Instructions for the task: Every entry is to be copied exactly as written, and the pictures are to be skipped.

Dataset items
□ □ □ □ □

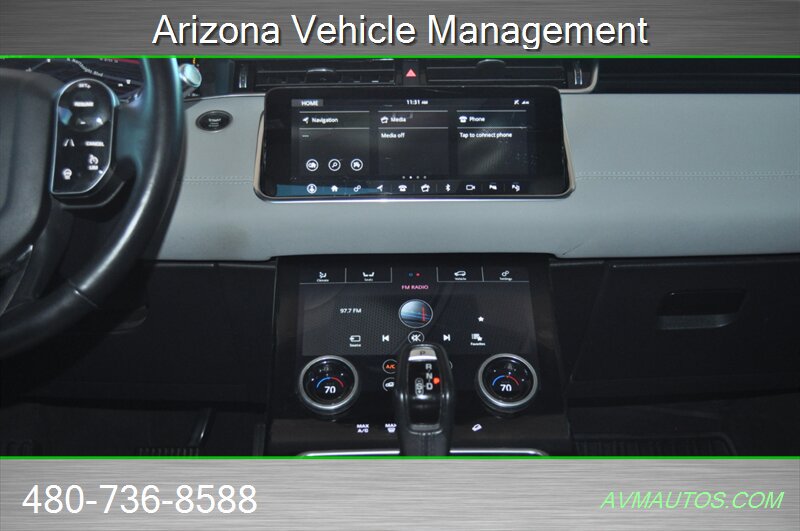 Used 2020 Land Rover Range Rover Evoque SE AWD/4WD image 29
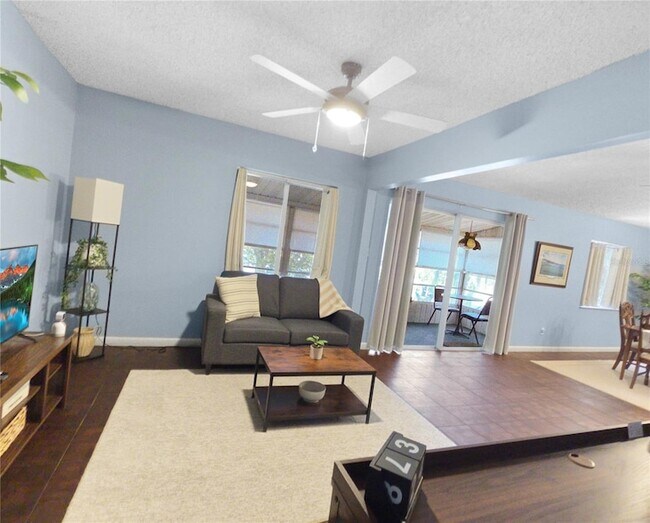 Foto del edificio - 553 Fairways Cir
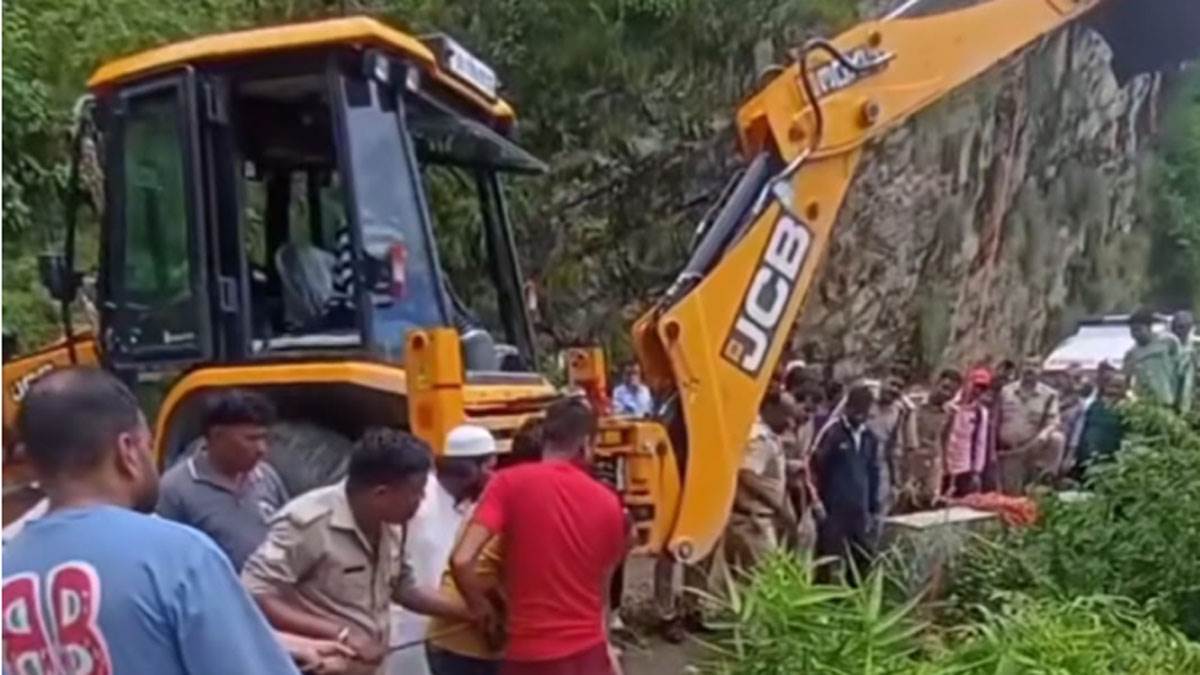 https://www.jagranimages.com/images/newimg/17082025/17_08_2025-accident_24015758_14589270.jpg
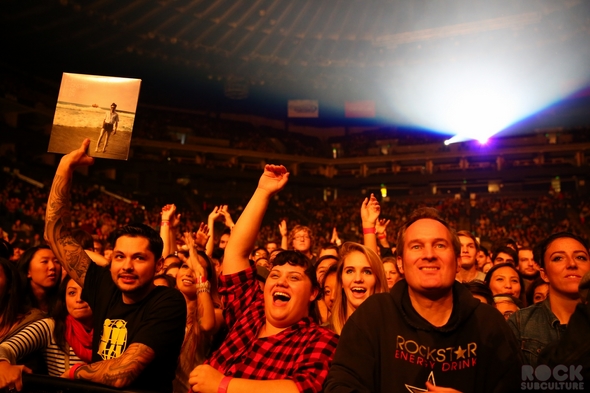 Not-So-Silent-Night-1-One-Live-105-Concert-Jack-White-Live-Nation-Concert-Review-Photos-2012-01-RSJ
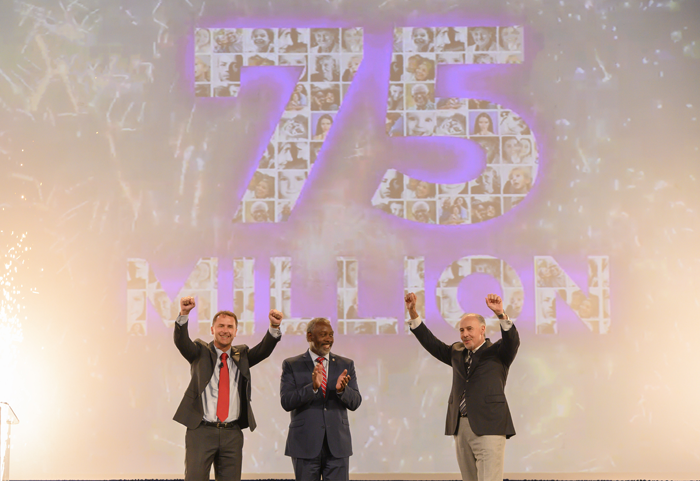 Orlando bate recorde e recebe 75 milhões de visitantes em 2018 1 O prefeito de Orlando, Jerry Demings, entre Adrian Jones e George Aguel, do Visit Orlando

□ □ □ □ □

Output:
 Used 2020 Land Rover Range Rover Evoque SE AWD/4WD image 29
 Foto del edificio - 553 Fairways Cir
 https://www.jagranimages.com/images/newimg/17082025/17_08_2025-accident_24015758_14589270.jpg
 Not-So-Silent-Night-1-One-Live-105-Concert-Jack-White-Live-Nation-Concert-Review-Photos-2012-01-RSJ
 Orlando bate recorde e recebe 75 milhões de visitantes em 2018 1 O prefeito de Orlando, Jerry Demings, entre Adrian Jones e George Aguel, do Visit Orlando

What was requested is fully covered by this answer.